Post by The Black Rabbit of Inlé » 27 Feb 2017 20:45

Sergey Romanov wrote:If one assumes that the Au. excerpt is a forgery by Lipman, Lipman would have had to know that FG did make a trip to Au., the specific timeframe of the trip and the fact that FG wrote a report about it. Notably, the British documents with the corresponding information became available only recently.
The "corresponding information" [i.e. WO 309/2241] didn't become available until 2007, but the date FG visited Auschwitz isn't even mentioned in that file. The file containing the FG report [WO 309/374] has been available to consult at the TNA [formerly: PRO] for over thirty years [since 20.02.1986].

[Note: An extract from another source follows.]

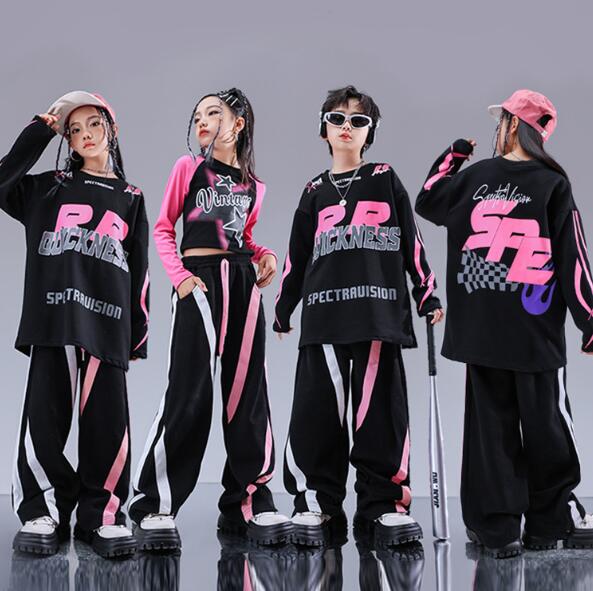 Rakuten - キッズダンス衣装 長袖Tシャツ サルエルパンツ キッズジャズ ヒップホップ 男の子 女の子 子供服 上下セット 派手 K-POP ストリート 原宿系 レッスンダンスウェア イベント 発表会 応援団 jazz hiphop ステージ舞台演出服 練習着 チーム衣装 おしゃれ団体服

Irving has transcriptions of all four letter found in WO 309/2241 and I've really got photos. Here's what we know from them:

- The General Staff Intelligence Branch were given the original after it was found with von Herff.
- The GS made a full copy of the report in German
- On 10.06.45 that copy was sent to the 21 Army Group HQ with a request that it be returned
- On 15.06.45 the copy was forwarded to Captain Saville M. Stewart at the JAG (War Crimes Section) along with an offer to help translate it [if required], and a request that it be returned because the GS wanted it back.

So, not only is the whereabouts of the original unknown, the whereabouts of the GS copy is also unknown.

Captain Saville M. Stewart was one of the junior prosecutors at the Belsen trial, he also took the 22.05.45 *I don't know nuffin about no gas chambers* confession from Josef Kramer [WO 307/17].

One thing that stands out for me after reading the English translation of the FG report is that he had very little to say about Jews following his afternoon in Auschwitz. He simply mentions that Jews made up the prisoners in Birkenau along with Gypsies, Poles and women; that the most of the Jews living in the town of Auschwitz had left, and finally, that Jews keep their lice wrapped in paper during their forced showers so they could put them into their clean clothes.

Compare that to what he wrote after spending two days with Globocnik in Lublin:

either this generation of ours succeeds in clearing up the Jewish problem completely and to its last consequences or, if their liquidation is not completely achieved, the Jewish people will rise again after this wave of oppression. Some individual cases may appear hard or even brutal but seeing these people in large masses and knowing how dangerous their passive attitude is to the life of the nations, one comes to the conclusion that this problem has to be cleared up completely to free the world once and for all of this pestilence.